Emissão Renascença | Ouvir Online

Despejos no Porto. “Estou a pagar pelo meu erro, mas a minha família não tem culpa”

23 jun, 2015 • Cristina Branco

O alegado envolvimento em casos de tráfico de droga levou a autarquia do Porto a querer despejar 41 famílias das suas casas. A Renascença foi conhecer o caso de uma mãe que recebeu a notificação e ouviu a explicação da autarquia.

Despejos no Porto. “Estou a pagar pelo meu erro, mas a minha família não tem culpa”
A Câmara do Porto diz não tolerar o alegado envolvimento de alguns habitantes dos bairros sociais de Lordelo do Ouro em situações de tráfico de droga. O crime pode ter sido cometido apenas por um membro do alegado familiar, mas, a confirmar-se, o despejo é para toda a família, incluindo menores.

Patrícia Rodrigues é uma das que recebeu a notificação. Cumpre pena de prisão suspensa por dois anos e pode ficar sem tecto. Ela, o filho de 15 anos e os três outros familiares que com ela moram: uma irmã de 46 anos e dois sobrinhos, de 23.

“Há uns anos tive um processo por tráfico, tráfico que não era muito pesado, tanto que apanhei dois anos de pena suspensa. É mesmo por causa disso”, conta Patrícia à Renascença, sentada na mesa da exígua sala, praticamente às escuras.

Recebeu, em seu nome e de um dos sobrinhos, a notificação de despejo da Câmara Municipal do Porto, por tráfico de droga, por utilizar a habitação social como local de negócio. A carta chegou há cerca de um mês, com dez dias para contestar e 60 para deixar a casa.

Por conselho do advogado que está a apoiar alguns dos 41 casos de famílias notificadas, Patrícia contestou a notificação de despejo e pediu à Câmara para sair apenas ela, a responsável pela situação.

“A minha irmã não tem culpa, nem o meu filho nem um dos meus sobrinhos. O outro sobrinho também está com pena suspensa no mesmo processo, mas sofreu um acidente e está dependente da mãe e de terceiros”, explica. “Não têm que pagar pelo meu erro”, acrescenta.

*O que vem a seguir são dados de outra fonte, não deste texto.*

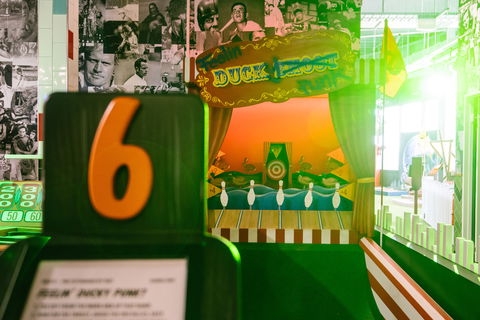 Holey Moley Carousel - Attractions Melbourne 2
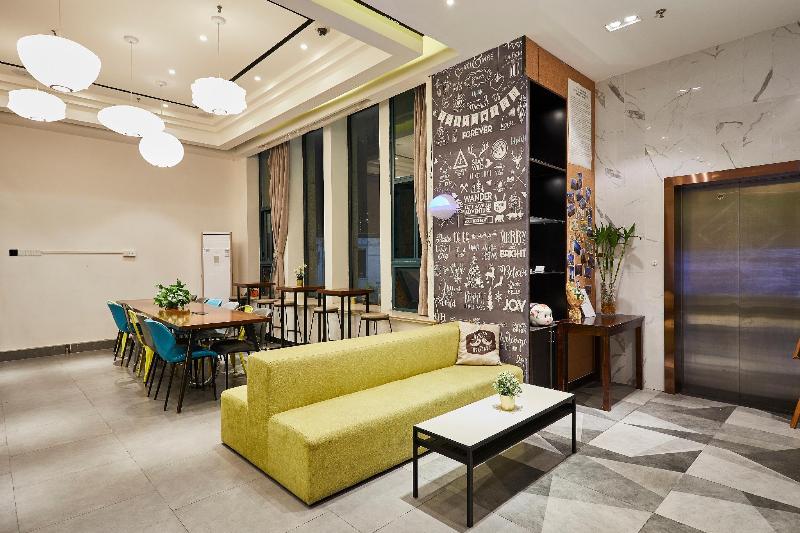 Otel Meego Youth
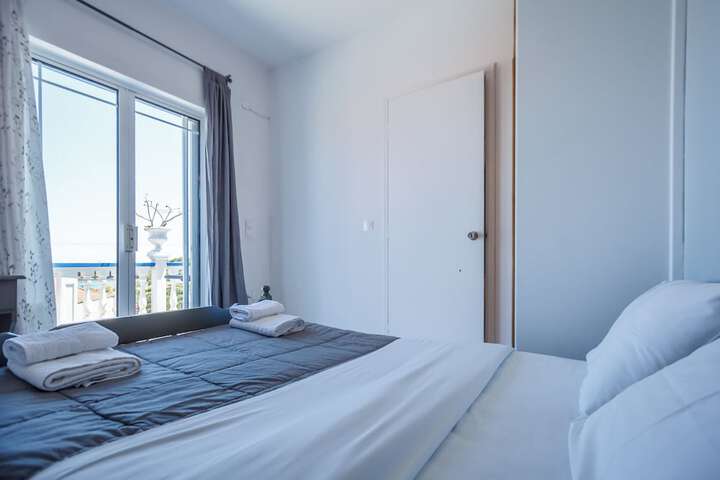 Room 26 of 40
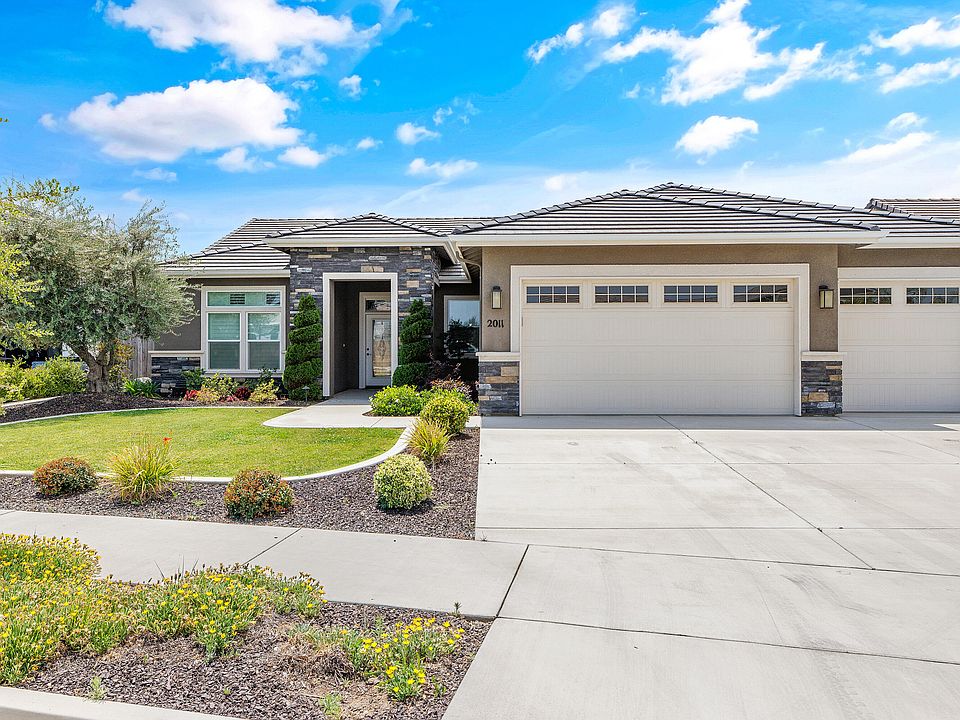 2011 W Monte Avenue, Porterville, CA 93257 Zillow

A casa onde vivem, num dos blocos da Pasteleira Velha, em Lordelo do Ouro, ao lado de Serralves, tem três quartos para quatro adultos e um jovem. Foi onde Patrícia nasceu há 38 anos e que está na família há 46 anos, primeiro com os pais, depois com os filhos.

A confirmar-se o despejo, Patrícia sai com uma mão à frente e outra atrás, sem trabalho e sem esperança. Pede, por isso, uma segunda oportunidade: “Errei, acho que estou a pagar pelo meu erro, que não foi tão grave assim. Se fosse, eu não estaria aqui, estaria detida. Peço ao presidente [da Câmara] uma segunda oportunidade, peço-lhe para perdoar.”

Sem ter ainda resposta da Câmara, Patrícia não sabe se sai sozinha ou se terão de sair as cinco pessoas que vivem na casa. O prazo para ir para a rua está em contagem decrescente.

Tolerância zero contra a droga
O vereador Manuel Pizarro diz à Renascença que compreende a situação das famílias, mas garante que a autarquia está firme na sua decisão. “Quero ser claro: nós não vamos tolerar que as casas da Câmara sejam utilizadas para tráfico de droga, porque isso significa deixar desprotegidas todas as pessoas que, por razões económicas, têm de viver nos bairros e não podem ser obrigadas a conviver com o tráfico de droga”, explica.

Manuel Pizarro considera que, “se é verdade que temos de ter preocupações com a família das pessoas que traficam droga, não é menos verdade que temos a obrigação de proteger a comunidade do tráfico de droga, que é um crime que causa graves consequências”.

O vereador confirma que todas as famílias notificadas responderam ao processo “no período de audiência prévia”, estando agora a Câmara “a analisar os argumentos” expostos.

A decisão final levará ainda em consideração “a força das evidências que fomos reunindo ao longo do tempo e que nos indica que aquelas casas são usadas para tráfico de droga.”